Representative Bill G. Schuette is a sponsor of a new legislative package protecting the state from the influence of harmful foreign adversaries.
The new plans would prevent concerning entities from buying Michigan farmland near military bases, stop sensitive data from being stored on servers that might be owned by foreign entities of concern, block access to dangerous apps on government and education servers or devices, and more. These foreign adversaries include China, Russia, Iran, Cuba, Syria, North Korea, Venezuela, and any agency or entity deemed to be under significant control of any of these nations.
“From my experience as an Intelligence Officer with the Defense Department, I know firsthand that regimes like the Chinese Communist Party are our greatest national security threat,” Schuette said after joining fellow Republican legislators in unveiling the plans. “From flooding our nation with cheap fentanyl to stealing our intellectual property, the Chinese Communist Party and its allies are trying to undermine our country at every turn.
“It is past time for our state government to prioritize our national interests rather than jeopardize them with bad deals like Gotion.”
Schuette’s bill specifically prohibits public bodies from entering into constraining agreements with foreign countries of concern and requires public disclosure of gifts from foreign countries of concern.
The proposals come amidst a flurry of concerning activity related to locations in which companies with ties to foreign governments are getting involved.
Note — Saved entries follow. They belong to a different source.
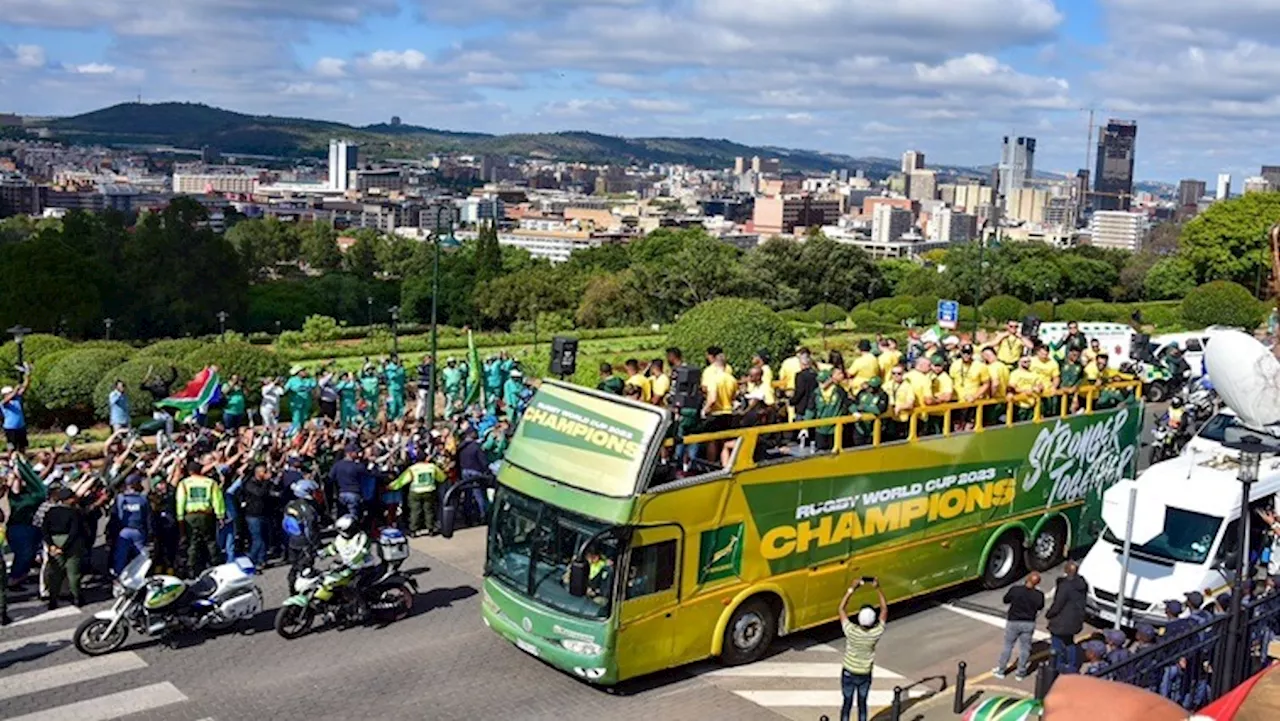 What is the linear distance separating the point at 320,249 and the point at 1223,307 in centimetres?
10317

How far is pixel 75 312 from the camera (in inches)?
2064

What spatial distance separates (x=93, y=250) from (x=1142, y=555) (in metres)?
56.1

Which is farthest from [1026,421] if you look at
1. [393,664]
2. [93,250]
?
[93,250]

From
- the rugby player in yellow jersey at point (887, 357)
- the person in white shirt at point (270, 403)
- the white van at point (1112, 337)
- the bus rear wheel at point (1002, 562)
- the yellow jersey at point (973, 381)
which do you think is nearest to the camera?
the yellow jersey at point (973, 381)

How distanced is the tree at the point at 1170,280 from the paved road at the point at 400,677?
66.1m

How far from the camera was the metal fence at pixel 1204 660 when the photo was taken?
30.0 feet

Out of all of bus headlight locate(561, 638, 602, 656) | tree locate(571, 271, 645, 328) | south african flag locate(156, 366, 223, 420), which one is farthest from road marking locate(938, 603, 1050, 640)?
tree locate(571, 271, 645, 328)

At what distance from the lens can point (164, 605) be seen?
14.0 m

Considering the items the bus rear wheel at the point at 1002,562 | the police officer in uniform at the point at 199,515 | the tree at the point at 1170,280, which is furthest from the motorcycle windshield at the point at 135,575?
the tree at the point at 1170,280

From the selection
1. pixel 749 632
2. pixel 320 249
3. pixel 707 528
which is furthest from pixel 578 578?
pixel 320 249

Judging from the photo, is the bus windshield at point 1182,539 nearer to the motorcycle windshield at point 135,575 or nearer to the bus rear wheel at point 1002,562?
the bus rear wheel at point 1002,562

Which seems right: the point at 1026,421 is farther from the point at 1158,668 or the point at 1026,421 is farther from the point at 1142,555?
the point at 1158,668

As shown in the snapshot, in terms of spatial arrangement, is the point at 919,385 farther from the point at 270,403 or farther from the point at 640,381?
the point at 270,403

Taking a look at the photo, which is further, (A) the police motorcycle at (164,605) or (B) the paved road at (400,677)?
(A) the police motorcycle at (164,605)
Gotion Inc.’s planned electric vehicle plant near Big Rapids is less than 90 miles from Camp Grayling, the U.S.’s largest National Guard training facility, and only five miles from the Big Rapids National Guard Armory. Gotion was founded in China in 2006 and remains one-third Chinese-owned. Zhen Li, chairman and CEO of Gotion, is a member of the Chinese People’s Political Consultative Conference National Committee – a high-ranking advisory body to the Chinese Communist Party.
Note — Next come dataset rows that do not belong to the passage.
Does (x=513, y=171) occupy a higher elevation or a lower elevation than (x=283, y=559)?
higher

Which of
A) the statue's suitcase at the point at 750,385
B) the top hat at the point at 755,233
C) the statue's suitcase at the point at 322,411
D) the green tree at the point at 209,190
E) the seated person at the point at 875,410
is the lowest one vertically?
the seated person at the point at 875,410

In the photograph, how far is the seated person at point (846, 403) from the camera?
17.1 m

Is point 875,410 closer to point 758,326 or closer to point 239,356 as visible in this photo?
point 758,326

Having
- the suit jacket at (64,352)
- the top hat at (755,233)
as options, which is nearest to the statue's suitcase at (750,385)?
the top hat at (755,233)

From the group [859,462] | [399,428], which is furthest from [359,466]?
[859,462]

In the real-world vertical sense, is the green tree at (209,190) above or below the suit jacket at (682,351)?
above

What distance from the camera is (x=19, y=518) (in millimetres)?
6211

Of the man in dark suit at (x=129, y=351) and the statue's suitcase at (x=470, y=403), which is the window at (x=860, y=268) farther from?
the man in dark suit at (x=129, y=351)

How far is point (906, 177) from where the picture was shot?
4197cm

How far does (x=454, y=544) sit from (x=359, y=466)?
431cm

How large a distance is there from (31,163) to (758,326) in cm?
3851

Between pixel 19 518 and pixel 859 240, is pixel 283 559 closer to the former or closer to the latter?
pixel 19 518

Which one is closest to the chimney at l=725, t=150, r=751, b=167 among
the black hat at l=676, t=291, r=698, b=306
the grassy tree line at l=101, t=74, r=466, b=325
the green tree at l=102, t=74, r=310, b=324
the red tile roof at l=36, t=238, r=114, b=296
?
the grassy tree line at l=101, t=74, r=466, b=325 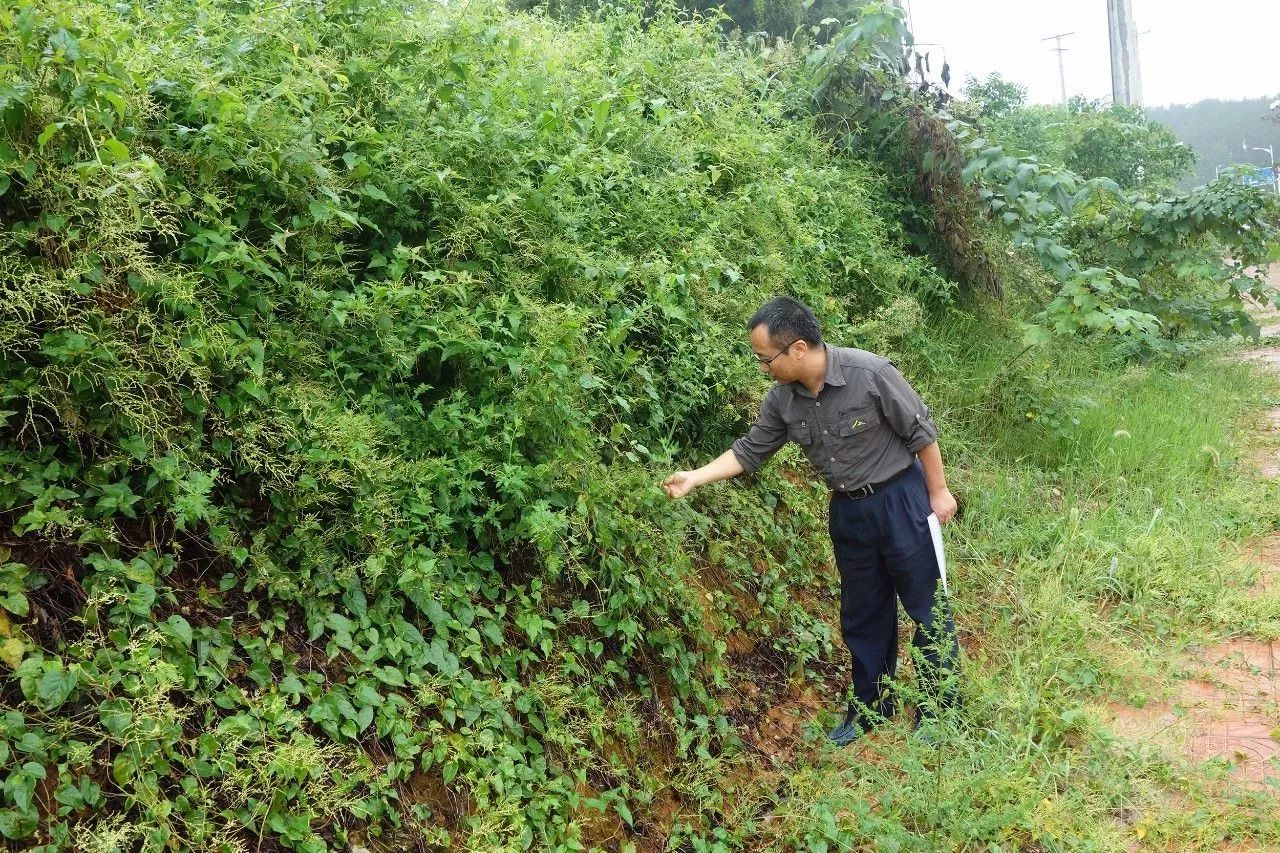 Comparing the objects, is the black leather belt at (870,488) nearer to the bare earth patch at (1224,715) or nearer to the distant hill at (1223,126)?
the bare earth patch at (1224,715)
This activity is not just Michigan-related. A Chinese-based manufacturer with documented links to the Chinese Communist Party tried to purchase farmland near the Grand Forks Air Force Base in North Dakota before the plan was struck down by local officials earlier this year.
Schuette has previously pushed for measures that would protect Michigan from situations that could undermine national security. In May, he offered an amendment to the state budget for the Department of Labor and Economic Opportunity that required a report to the House Appropriations Committee on any foreign persons or entities that may be involved in a project set to potentially receive money from the state’s Strategic Outreach and Attraction Reserve (SOAR) fund.
The bills will soon be formally read into the record.